Feature

Why the Nobel judges love Obama

Is it really so surprising that the president won the Nobel Peace Prize?

What happened
Four of the Nobel jury's five judges on Tuesday publicly defended their decision to award President Obama the Nobel Peace Prize. Committee Chairman Thorbjorn Jagland said Obama deserved the award because his efforts to heal the divide between the West and the Muslim world, along with other actions, had "contributed to, I wouldn't say a safer world, but a world with less tension." (AP in The Washington Post)

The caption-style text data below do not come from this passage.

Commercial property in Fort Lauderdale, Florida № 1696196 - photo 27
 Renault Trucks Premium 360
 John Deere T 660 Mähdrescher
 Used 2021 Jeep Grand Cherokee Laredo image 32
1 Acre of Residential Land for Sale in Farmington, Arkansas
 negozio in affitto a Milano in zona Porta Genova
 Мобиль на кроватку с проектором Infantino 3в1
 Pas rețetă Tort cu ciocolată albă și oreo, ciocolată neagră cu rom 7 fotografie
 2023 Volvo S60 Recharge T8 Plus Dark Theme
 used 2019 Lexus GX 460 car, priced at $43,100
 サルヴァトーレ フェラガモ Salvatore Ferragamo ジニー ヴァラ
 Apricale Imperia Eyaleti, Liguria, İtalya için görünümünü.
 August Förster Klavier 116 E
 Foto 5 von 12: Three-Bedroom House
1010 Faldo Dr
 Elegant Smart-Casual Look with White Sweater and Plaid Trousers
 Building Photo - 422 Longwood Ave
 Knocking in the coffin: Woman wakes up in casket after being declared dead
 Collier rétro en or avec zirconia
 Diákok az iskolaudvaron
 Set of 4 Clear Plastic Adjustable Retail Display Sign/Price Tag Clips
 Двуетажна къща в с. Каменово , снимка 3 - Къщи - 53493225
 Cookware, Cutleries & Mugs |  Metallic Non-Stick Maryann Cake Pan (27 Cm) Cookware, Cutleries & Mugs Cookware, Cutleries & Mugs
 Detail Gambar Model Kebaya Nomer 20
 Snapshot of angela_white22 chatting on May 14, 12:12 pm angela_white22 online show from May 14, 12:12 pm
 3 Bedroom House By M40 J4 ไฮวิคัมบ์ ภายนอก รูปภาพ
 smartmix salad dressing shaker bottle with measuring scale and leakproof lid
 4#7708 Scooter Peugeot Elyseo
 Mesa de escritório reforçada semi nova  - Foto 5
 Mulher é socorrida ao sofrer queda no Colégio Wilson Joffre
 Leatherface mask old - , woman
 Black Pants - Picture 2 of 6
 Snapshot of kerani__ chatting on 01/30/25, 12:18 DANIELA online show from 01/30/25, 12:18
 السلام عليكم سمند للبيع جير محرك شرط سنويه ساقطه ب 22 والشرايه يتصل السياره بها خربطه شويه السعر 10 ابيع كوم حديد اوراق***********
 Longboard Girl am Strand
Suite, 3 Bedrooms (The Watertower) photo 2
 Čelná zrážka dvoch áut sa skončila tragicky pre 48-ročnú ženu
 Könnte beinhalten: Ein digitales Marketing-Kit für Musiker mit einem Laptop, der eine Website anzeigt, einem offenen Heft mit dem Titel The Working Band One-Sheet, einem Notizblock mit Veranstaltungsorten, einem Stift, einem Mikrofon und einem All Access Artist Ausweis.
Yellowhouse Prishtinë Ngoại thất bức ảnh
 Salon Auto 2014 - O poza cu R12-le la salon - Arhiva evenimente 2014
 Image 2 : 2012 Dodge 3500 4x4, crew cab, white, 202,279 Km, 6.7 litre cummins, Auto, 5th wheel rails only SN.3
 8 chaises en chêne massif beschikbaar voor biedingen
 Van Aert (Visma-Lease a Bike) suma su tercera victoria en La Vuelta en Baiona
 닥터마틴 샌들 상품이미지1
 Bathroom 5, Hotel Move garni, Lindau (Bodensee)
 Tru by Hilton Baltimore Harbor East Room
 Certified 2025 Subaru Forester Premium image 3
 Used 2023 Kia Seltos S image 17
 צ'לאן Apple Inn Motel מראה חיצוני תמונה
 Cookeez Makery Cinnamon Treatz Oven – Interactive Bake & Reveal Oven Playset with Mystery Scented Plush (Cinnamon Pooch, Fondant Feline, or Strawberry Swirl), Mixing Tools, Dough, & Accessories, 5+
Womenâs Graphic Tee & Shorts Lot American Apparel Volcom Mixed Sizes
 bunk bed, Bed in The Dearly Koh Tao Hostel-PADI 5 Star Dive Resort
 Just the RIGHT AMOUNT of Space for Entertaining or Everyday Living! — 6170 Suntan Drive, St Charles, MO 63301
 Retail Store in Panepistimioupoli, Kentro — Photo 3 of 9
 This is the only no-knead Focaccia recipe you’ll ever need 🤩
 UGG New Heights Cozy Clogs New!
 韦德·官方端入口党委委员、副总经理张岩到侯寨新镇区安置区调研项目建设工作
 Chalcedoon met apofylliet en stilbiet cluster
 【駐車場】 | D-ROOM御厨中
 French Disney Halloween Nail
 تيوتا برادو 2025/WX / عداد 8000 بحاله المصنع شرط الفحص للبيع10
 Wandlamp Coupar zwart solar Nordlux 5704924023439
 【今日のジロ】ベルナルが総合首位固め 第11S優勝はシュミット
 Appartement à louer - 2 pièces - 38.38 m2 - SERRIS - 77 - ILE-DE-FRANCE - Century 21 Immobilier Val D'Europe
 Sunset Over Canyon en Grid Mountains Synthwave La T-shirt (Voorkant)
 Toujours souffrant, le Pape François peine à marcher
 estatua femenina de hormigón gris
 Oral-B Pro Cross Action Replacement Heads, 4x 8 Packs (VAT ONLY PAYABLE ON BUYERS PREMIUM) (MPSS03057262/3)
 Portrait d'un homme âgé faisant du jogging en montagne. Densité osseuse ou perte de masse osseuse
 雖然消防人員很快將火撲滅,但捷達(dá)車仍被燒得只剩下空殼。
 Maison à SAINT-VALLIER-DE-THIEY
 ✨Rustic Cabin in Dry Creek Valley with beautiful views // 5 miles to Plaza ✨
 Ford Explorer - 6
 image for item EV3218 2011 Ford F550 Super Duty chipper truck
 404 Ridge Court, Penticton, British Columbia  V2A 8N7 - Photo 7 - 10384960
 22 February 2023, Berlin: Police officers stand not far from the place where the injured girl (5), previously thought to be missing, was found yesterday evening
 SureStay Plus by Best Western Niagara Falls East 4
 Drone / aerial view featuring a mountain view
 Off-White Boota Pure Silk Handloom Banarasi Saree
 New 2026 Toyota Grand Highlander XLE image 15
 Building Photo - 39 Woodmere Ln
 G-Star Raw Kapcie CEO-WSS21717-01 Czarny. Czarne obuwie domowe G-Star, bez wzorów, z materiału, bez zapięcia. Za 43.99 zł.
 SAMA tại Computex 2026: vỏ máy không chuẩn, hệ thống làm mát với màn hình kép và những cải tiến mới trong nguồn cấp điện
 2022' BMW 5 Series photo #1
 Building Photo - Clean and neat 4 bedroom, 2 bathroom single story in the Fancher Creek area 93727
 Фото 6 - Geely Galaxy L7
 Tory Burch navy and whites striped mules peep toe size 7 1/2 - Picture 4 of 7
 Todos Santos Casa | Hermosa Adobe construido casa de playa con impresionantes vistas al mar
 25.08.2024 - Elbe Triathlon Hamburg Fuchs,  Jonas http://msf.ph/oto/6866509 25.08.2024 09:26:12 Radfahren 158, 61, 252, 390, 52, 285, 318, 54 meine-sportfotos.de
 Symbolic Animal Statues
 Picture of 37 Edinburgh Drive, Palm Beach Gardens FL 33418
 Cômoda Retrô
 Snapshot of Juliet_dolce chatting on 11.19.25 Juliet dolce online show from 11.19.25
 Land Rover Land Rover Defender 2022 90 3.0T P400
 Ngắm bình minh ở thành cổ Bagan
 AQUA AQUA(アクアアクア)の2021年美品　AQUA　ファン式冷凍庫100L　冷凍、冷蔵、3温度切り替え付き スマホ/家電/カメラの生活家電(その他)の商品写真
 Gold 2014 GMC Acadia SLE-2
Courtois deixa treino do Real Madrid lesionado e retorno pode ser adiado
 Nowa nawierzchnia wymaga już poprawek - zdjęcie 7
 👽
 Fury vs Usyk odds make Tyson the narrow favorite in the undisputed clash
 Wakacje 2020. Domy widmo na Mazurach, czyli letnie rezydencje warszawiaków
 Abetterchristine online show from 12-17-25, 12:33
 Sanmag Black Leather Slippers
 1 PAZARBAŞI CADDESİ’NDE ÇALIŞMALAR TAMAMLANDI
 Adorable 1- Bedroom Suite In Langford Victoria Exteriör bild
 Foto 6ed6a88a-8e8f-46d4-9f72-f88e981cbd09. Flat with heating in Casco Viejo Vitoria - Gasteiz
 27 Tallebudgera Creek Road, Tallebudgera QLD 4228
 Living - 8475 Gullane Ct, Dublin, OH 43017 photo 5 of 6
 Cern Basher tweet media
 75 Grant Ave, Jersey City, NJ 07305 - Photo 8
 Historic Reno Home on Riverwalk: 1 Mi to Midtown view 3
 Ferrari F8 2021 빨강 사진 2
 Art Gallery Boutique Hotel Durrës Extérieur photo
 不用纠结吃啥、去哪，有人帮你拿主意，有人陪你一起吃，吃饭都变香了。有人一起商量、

What the commentators said
"The Nobel Committee did President Obama no favors by prematurely awarding him its peace prize," said Thomas Friedman in The New York Times. Even Obama acknowledges "he has not done anything yet on the scale that would normally merit such an award." It's not Obama's fault "that the Europeans are so relieved at his style of leadership, in contrast to that of his predecessor, that they want to do all they can to validate and encourage it." Still, it's a shame to see such an important award devalued.

Giving Obama the Nobel didn't devalue it, said Bret Stephens in The Wall Street Journal. He's just the kind of person the judges love—"goodists" who think all conflict stems from avoidable misunderstandings. Ever heard of Bertha von Suttner, Henri La Fontaine, Ludwig Quidde, Norman Angell, Arthur Henderson, Eisaku Sato, Alva Myrdal and Joseph Rotblat? No? Like Obama, they're "goodists" who never accomplished much before winning the prize, and they all subsequently disappeared as "footnotes of history."

But Obama is president of the United States, said J.P. Freire in the Washington Examiner, so the Nobel judges want something from him. That's why it's so clear that giving Obama the Nobel Peace Prize is an unacceptable example of foreign meddling in American politics. "If Obama is going to be tempted to consider peace, let it be because it is in American interests, not because he wants to hold true to Nobel's ideals."

Conservatives are livid that Obama didn't decline the prize, said Garrison Keillor in the Chicago Tribune. But the Nobel is just a compliment—the polite thing to do is accept it gracefully, as Obama has, and sit down. "The wailing and gnashing of teeth that you hear among Republicans" is mostly envy, because the other side elected "an idealistic, articulate young president who is enormously popular everywhere in the world except in the states of the Confederacy." Maybe they wish Dick Cheney had won—but they don't give Nobels to a man who "has shot somebody in the face with a shotgun."